Pour la plupart des gens, acheter une maison apparaît comme un investissement sûr, un gardien de valeur. Une «croyance populaire» qui pourrait être «mise à rude épreuve», mettent en garde des économistes de la Financière Banque Nationale.

En plus d'entrer dans une décennie où les prix devraient suivre une tendance à la baisse, la démographie pourrait bien venir mêler les cartes à plus long terme et modifier la valeur des maisons. Les économistes de la Financière Banque Nationale Stéfane Marion et Matthieu Arseneau exposaient au début du mois un phénomène méconnu qui chamboule déjà certaines économies, soit la diminution du nombre de personnes âgées entre 20 et 44 ans, et par ricochet le nombre d'acheteurs d'une première maison. Au Japon, la baisse de cette cohorte depuis 35 ans a participé à la chute des prix (- 47 %) depuis maintenant 15 ans, bien qu'elle ne soit pas le seul facteur. En Allemagne, une baisse des prix de 10 % a été observée. Sur un horizon de cinq ans, le Canada sera épargné, plaident les économistes. Mais selon diverses sources, la baisse de la cohorte devrait diminuer de 7 à 15 % d'ici 2050. «Nous sommes donc d'avis que la croyance populaire voulant que l'immobilier représente un gardien de valeur sera mise à dure épreuve», écrivent les économistes.
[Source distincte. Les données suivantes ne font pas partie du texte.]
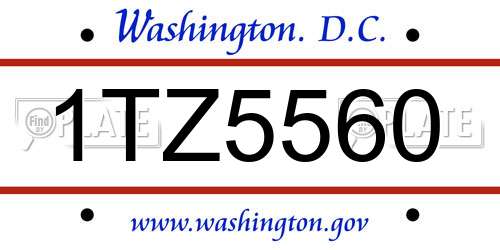1TZ5560 District Of Columbia License Plate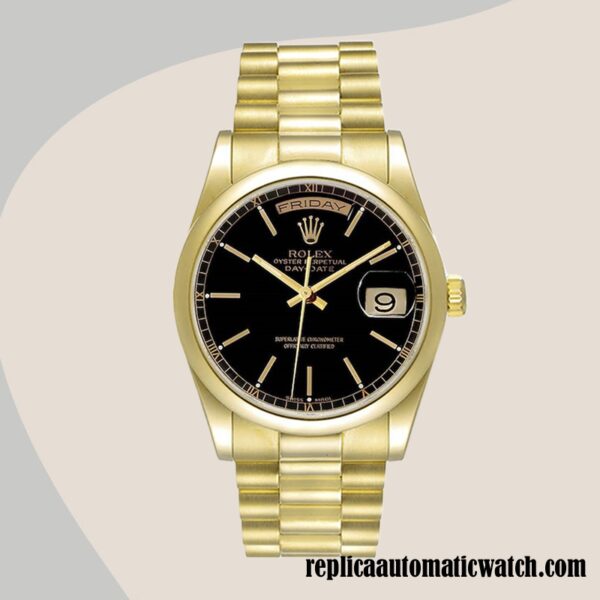 replica automatic Rolex Day-Date Men's Rolex Calibre 2836/2813 118208 Black Dial - Image 2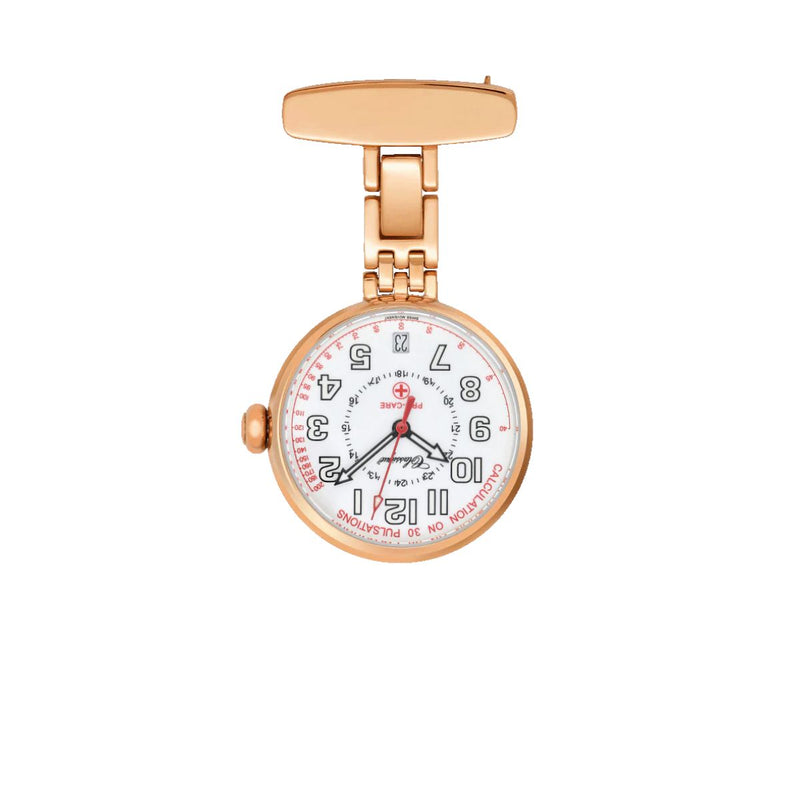 Classique Pro-Care Rose Gold Plated Nurses Watch with white luminous dial, black numerals, and red pulsation scale.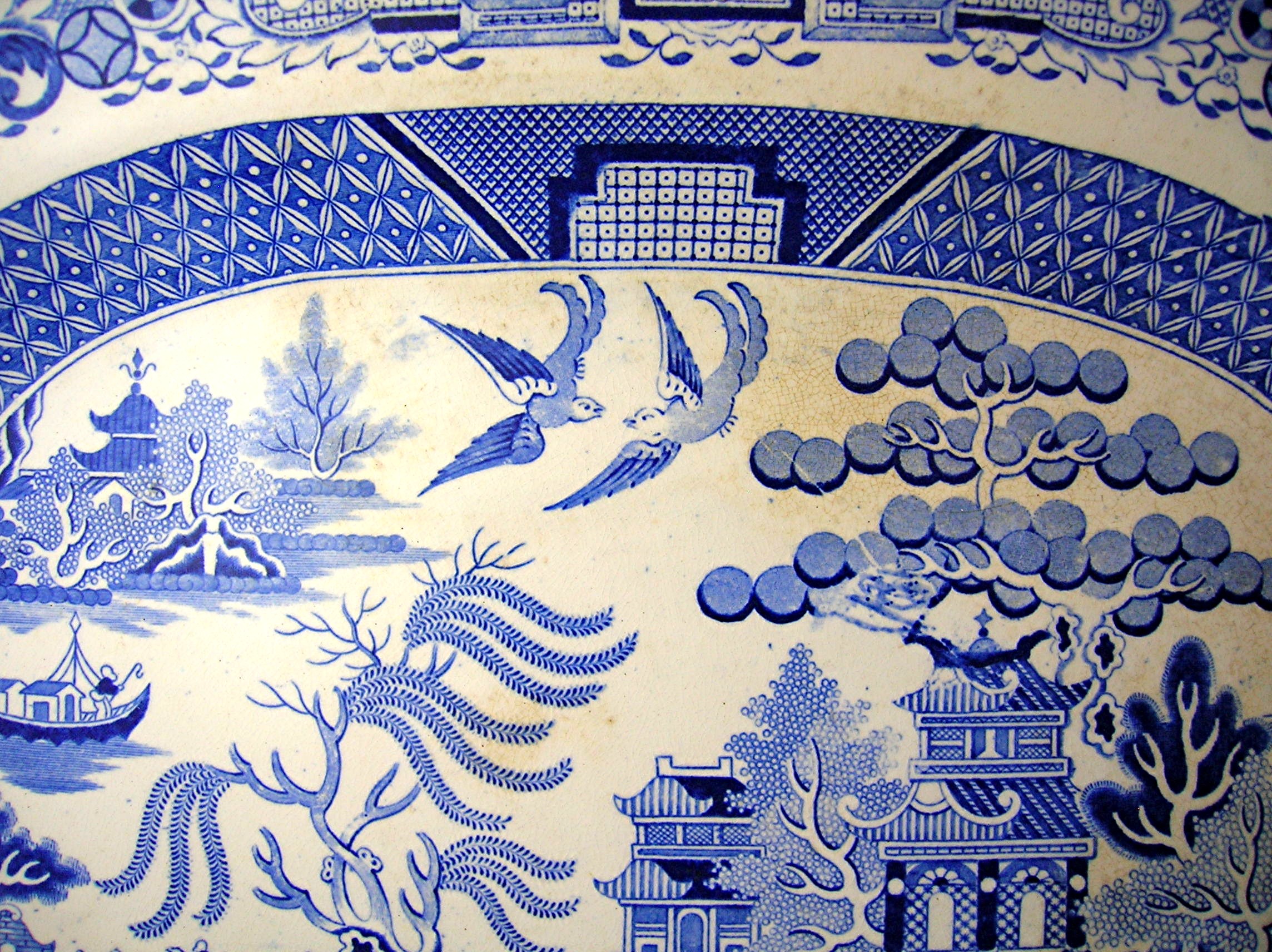English Willow pattern Blue  White Platter H &K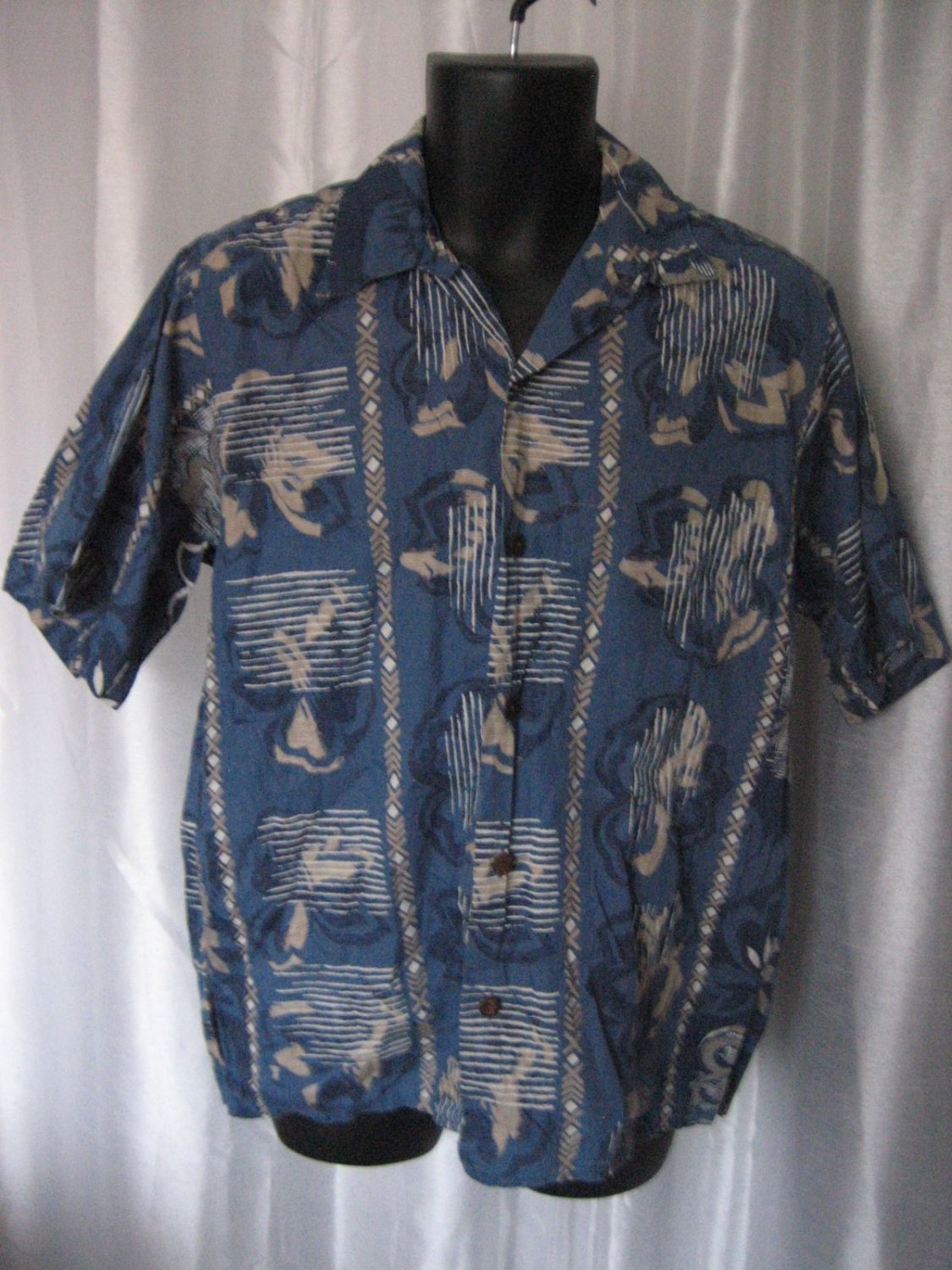Go Barefoot Men's 100% Cotton Blue Hawaiian Button Down Shirt Sz M Pre-Owned USA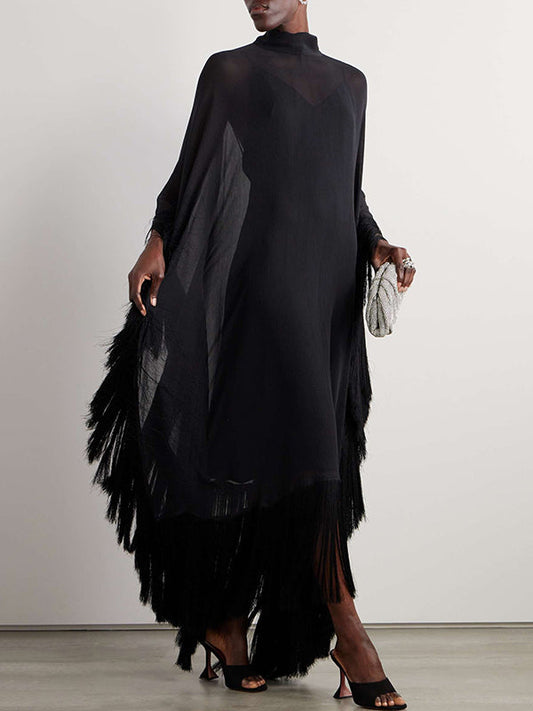 Batwing-sleeve loose tassel mock-neck maxi dress for women - 1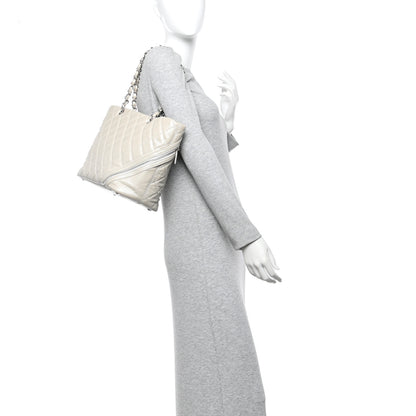 Chanel Iridescent Aged Calfskin Quilted Large Cotton Club Tote Pearl 2 of 10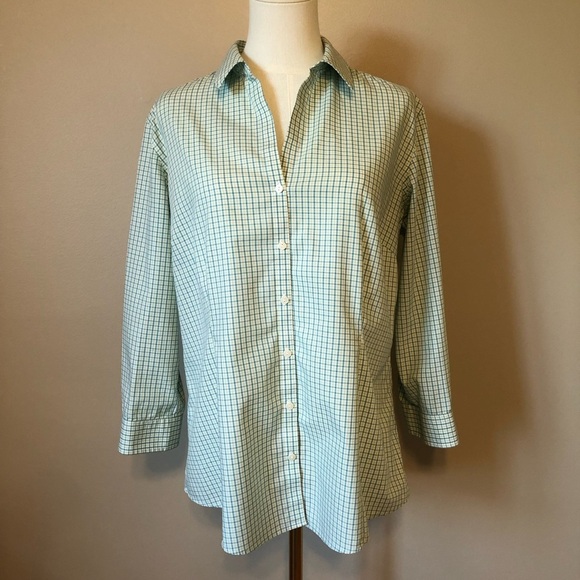 Eddie Bauer Tops - Eddie Bauer Woman’s Green/White Plaid Button-Up Shirt Size TL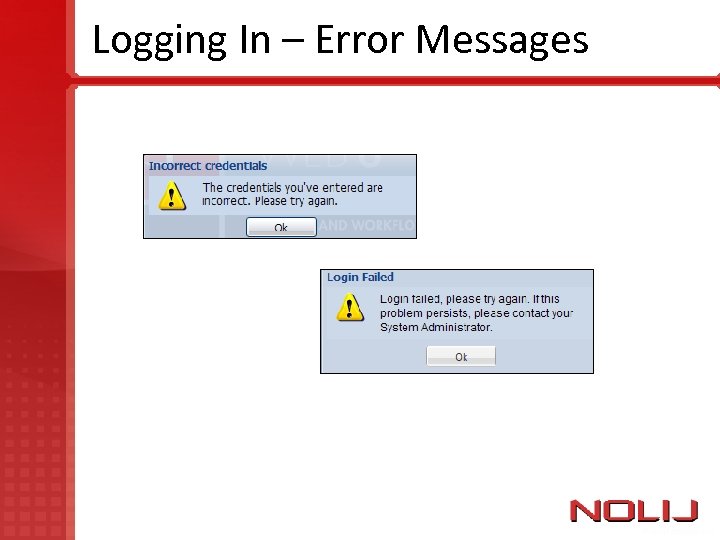 Logging In – Error Messages 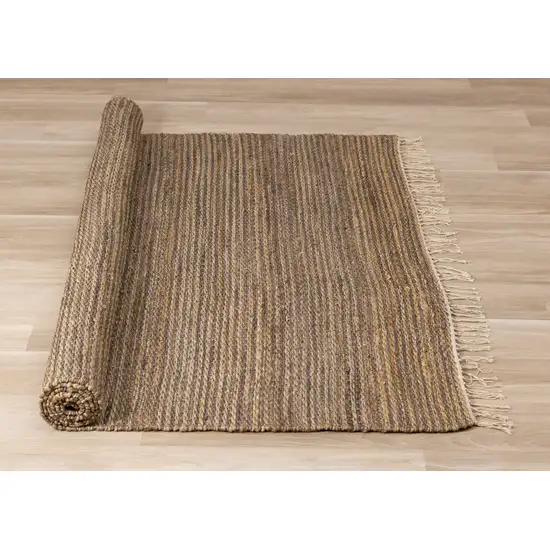 Taupe And Brown Jute Abstract Hand Woven Area Rug Photo 9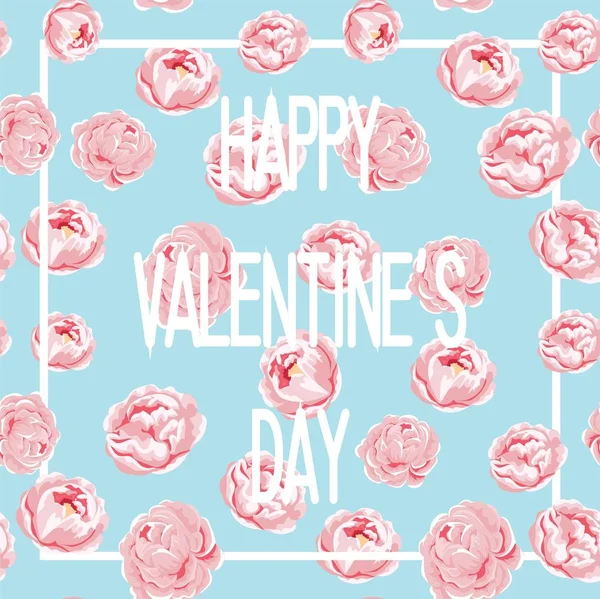 Valentinstag Karte Auf Rosa Rosen Mit Platz Für Text — Stockvektor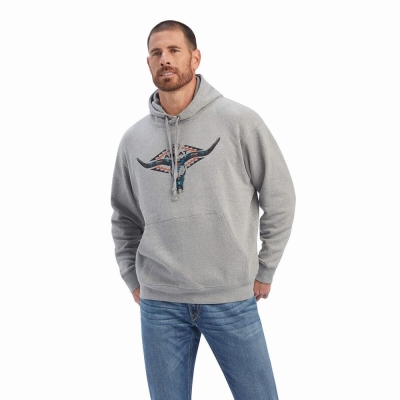 Hoodies Ariat Horns Southwest Uomo Grigie | IT892QKZJ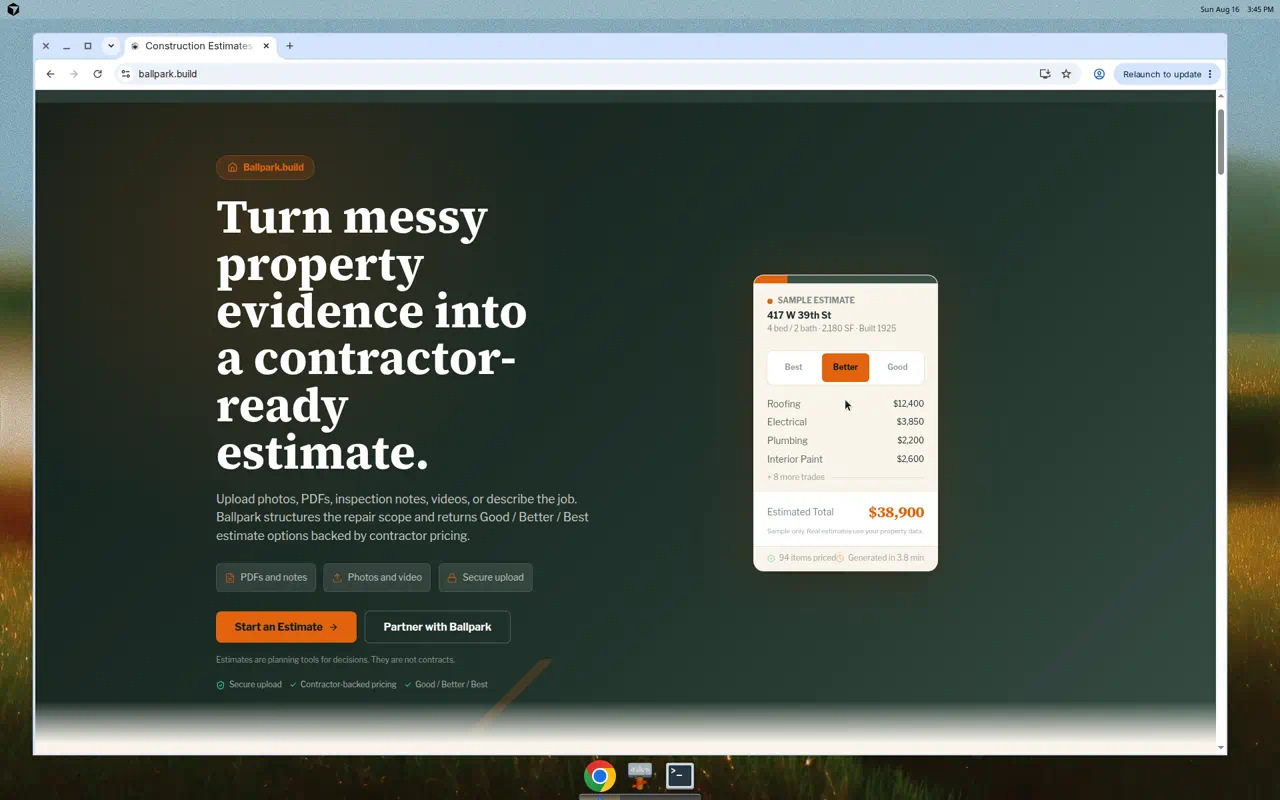Ballpark estimate interface showing a kitchen remodel with Good, Better, and Best pricing tiers.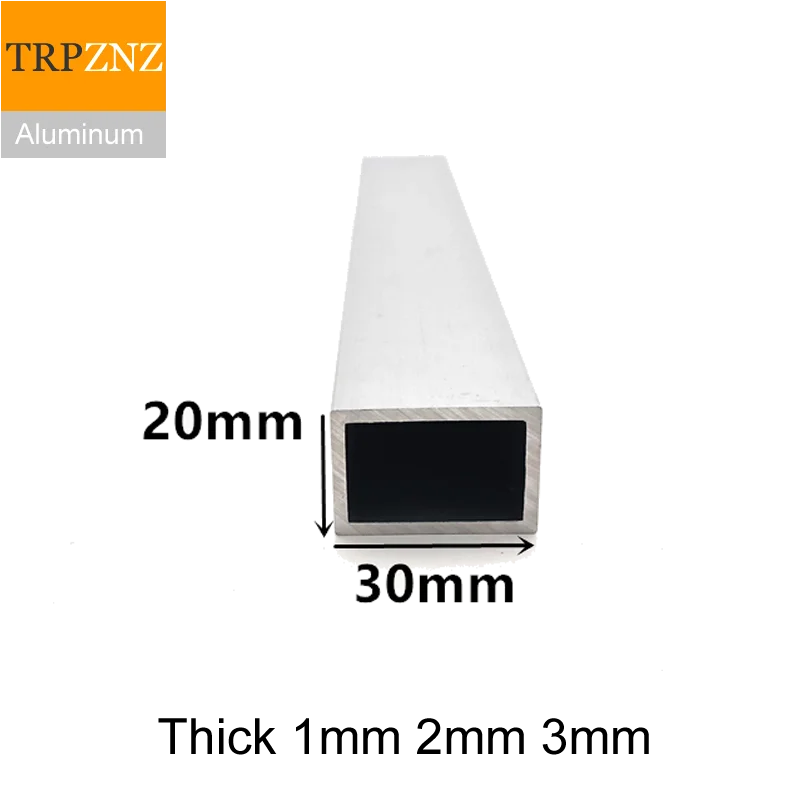 직사각형 알루미늄 튜브 프로파일, 6063 알루미늄 사각 파이프, 장식용 알루미늄 프로파일, 두께 1mm, 2mm, 3mm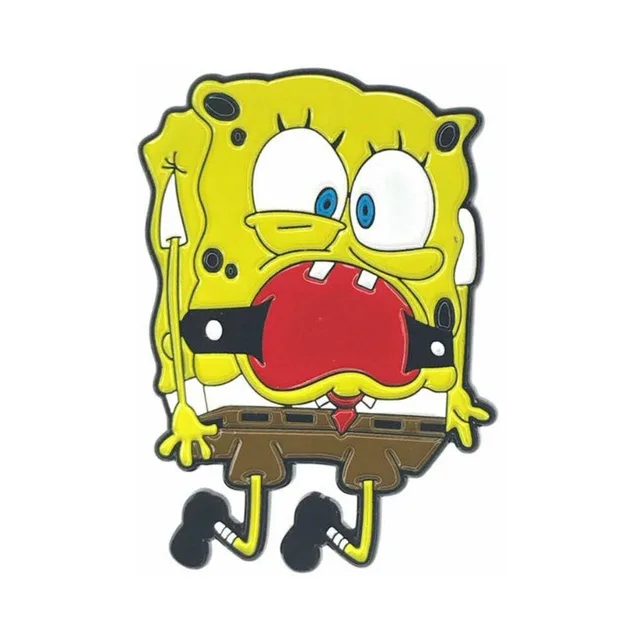 yellow Undersea Switch character pin with red mouth strap and black band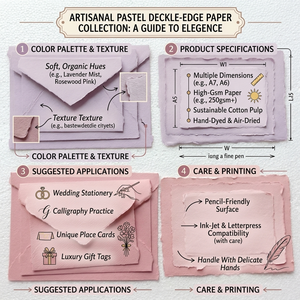 <b>Pastel</b> shade deckle paper with soft colors and handmade edges ideal for invitations stationery crafts packaging and <b>decor</b> - Product Image 6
«Il y a toujours des cycles plus favorables que d'autres, mais il reste que les changements démographiques au Québec comme dans les autres pays avancés, c'est sûr que ça va limiter le potentiel aussi pour l'immobilier résidentiel», croit M. Arseneau.

Vieillissement de la population

Car à l'autre bout du spectre, le vieillissement de la population pourrait créer une véritable vague de propriétés à vendre dans 20 ou 30 ans, quand les baby-boomers voudront se départir de leur propriété en masse. Le déséquilibre entre le nombre d'acheteurs et de vendeurs pourrait faire baisser les prix drastiquement.

Un scénario qui a été exploré la première fois à la fin des années 70 par des professeurs de Harvard, remarque François Des Rosiers, professeur de gestion urbaine et immobilière. Ils prévoyaient alors que les maisons perdraient 50 % de leur valeur en 2000 à cause de ce phénomène, ce qui ne s'est pas produit. Si l'hypothèse demeure plausible, selon M. Des Rosiers, il faut faire attention aux raisonnements linéaires, car ceteris paribus («toutes choses étant égales par ailleurs») ne tient pas dans la réalité. De nombreux autres facteurs peuvent venir contrebalancer ces effets. Il donne comme exemple le mini baby-boom des dernières années, qui entraînera une cohorte de jeunes plus importante qu'on l'avait estimé. Et où en sera le Québec en termes d'immigration? demande-t-il. Si, pour combler des pénuries de main-d'oeuvre, on ouvre les portes toutes grandes aux nouveaux arrivants, le portrait pourrait aussi être grandement modifié.

M. Des Rosiers croit par ailleurs que ce phénomène devrait toucher principalement les maisons en zones périphériques.

L'accession à la propriété encouragée

Au Canada, près de 7 ménages sur 10 sont propriétaires. Ici comme dans de nombreux pays, l'accession à la propriété est encouragée par des mesures fiscales car elle responsabilise les citoyens et, de façon générale, elle enrichit les ménages. Car en plus de forcer l'épargne, elle permet dans la plupart des cas d'accumuler du capital à l'abri de l'inflation, explique François Des Rosiers, professeur de gestion urbaine et immobilière à l'Université Laval. Au Canada, les propriétaires qui vendent leur maison ont droit à l'exemption du gain en capital. Ils n'ont donc pas à payer d'impôts sur le profit qu'ils font lors de la vente de leur résidence principale. «C'est sûr que ça augmente le taux de rendement par rapport à un investissement alternatif», note M. Des Rosiers.